::: Material for this exercise :::
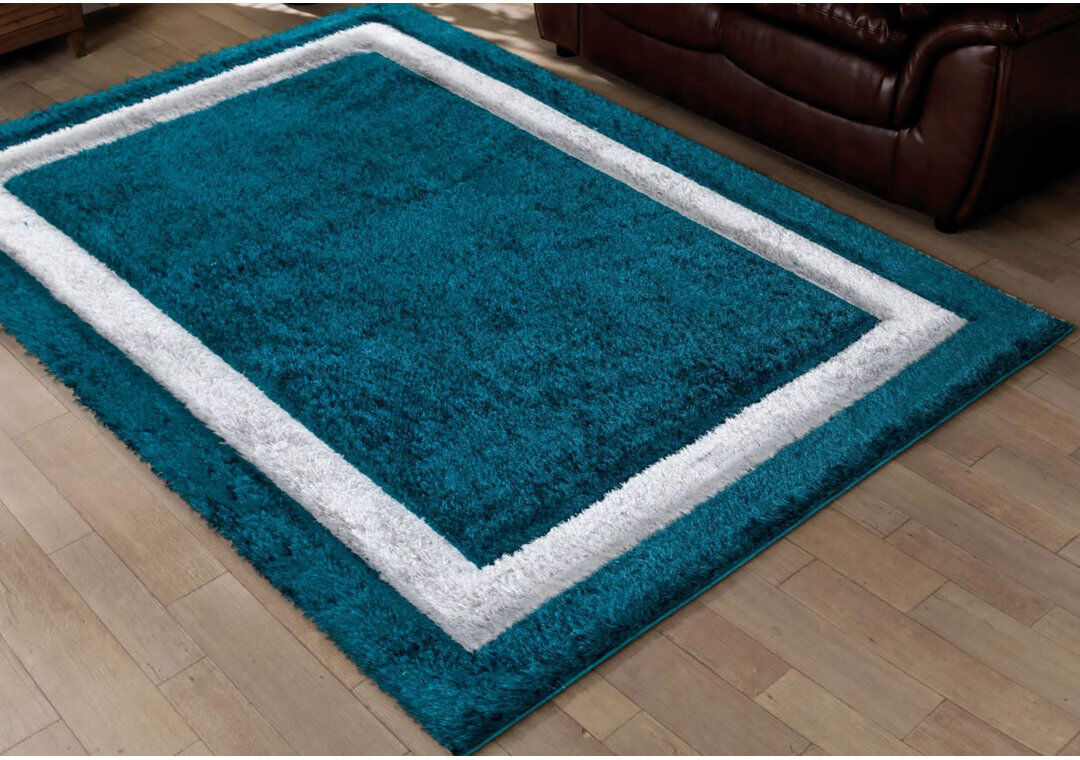 Fairmont Park Belliere Shag Blue Rectangle 120 x 170cm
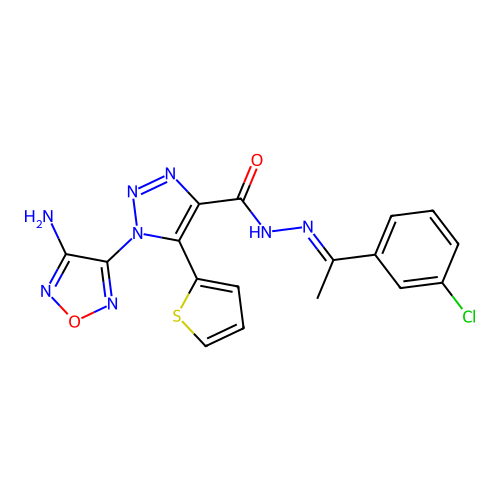 C17H13ClN8O2S structure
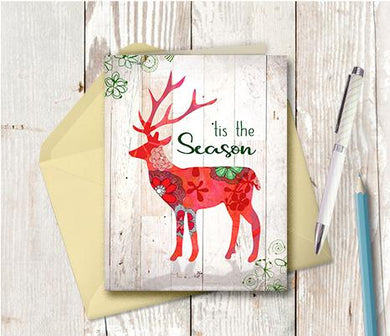 1006  Tis The Season Note Card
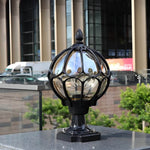 Outdoor Pillar Light IP65 Aluminum Clear Glass Shade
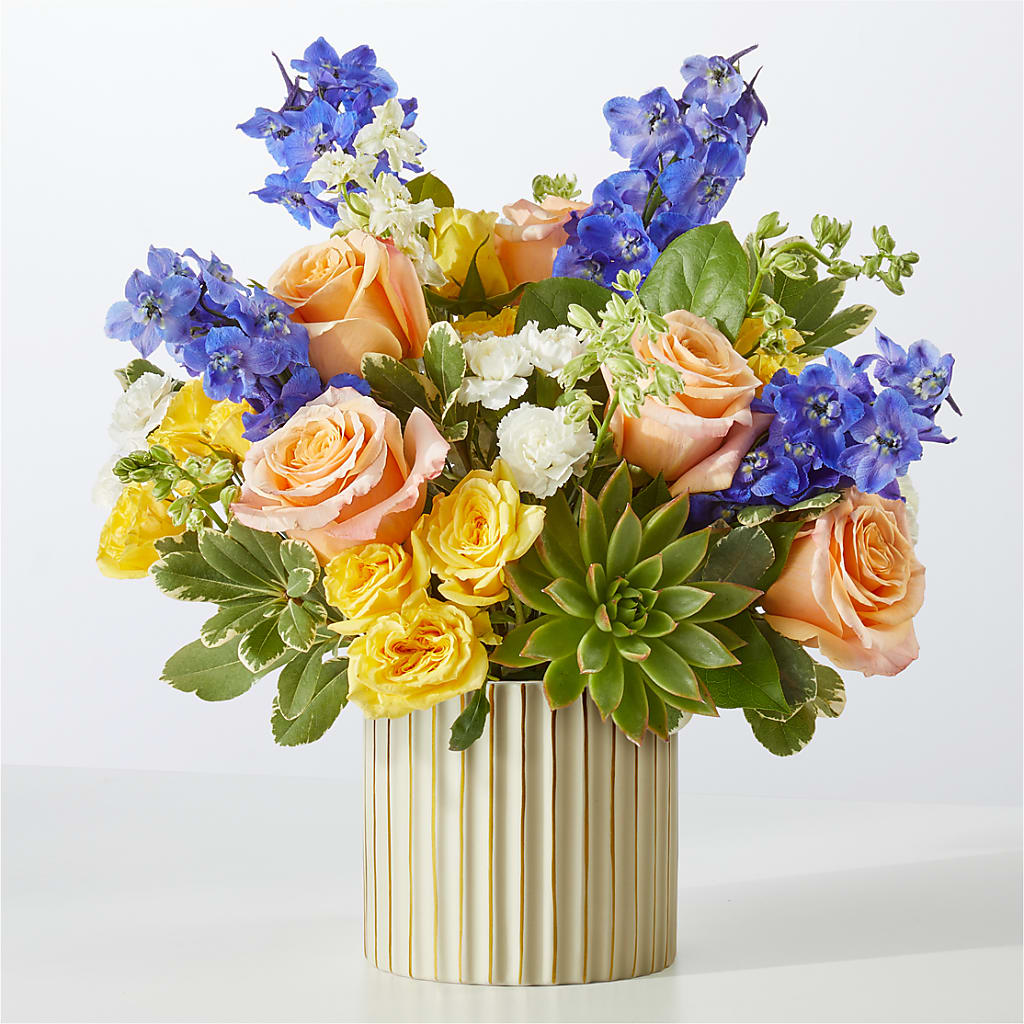 Cobalt Reverie Bouquet – Landers Flowers, Savannah MO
:::
*Assignment*: Set down exactly the lines between the line containing "Season Note Card" and the end of the records above, both ends included; pictures stay out.

*Answer to the problem*:
 1006  Tis The Season Note Card
 Outdoor Pillar Light IP65 Aluminum Clear Glass Shade
 Cobalt Reverie Bouquet – Landers Flowers, Savannah MO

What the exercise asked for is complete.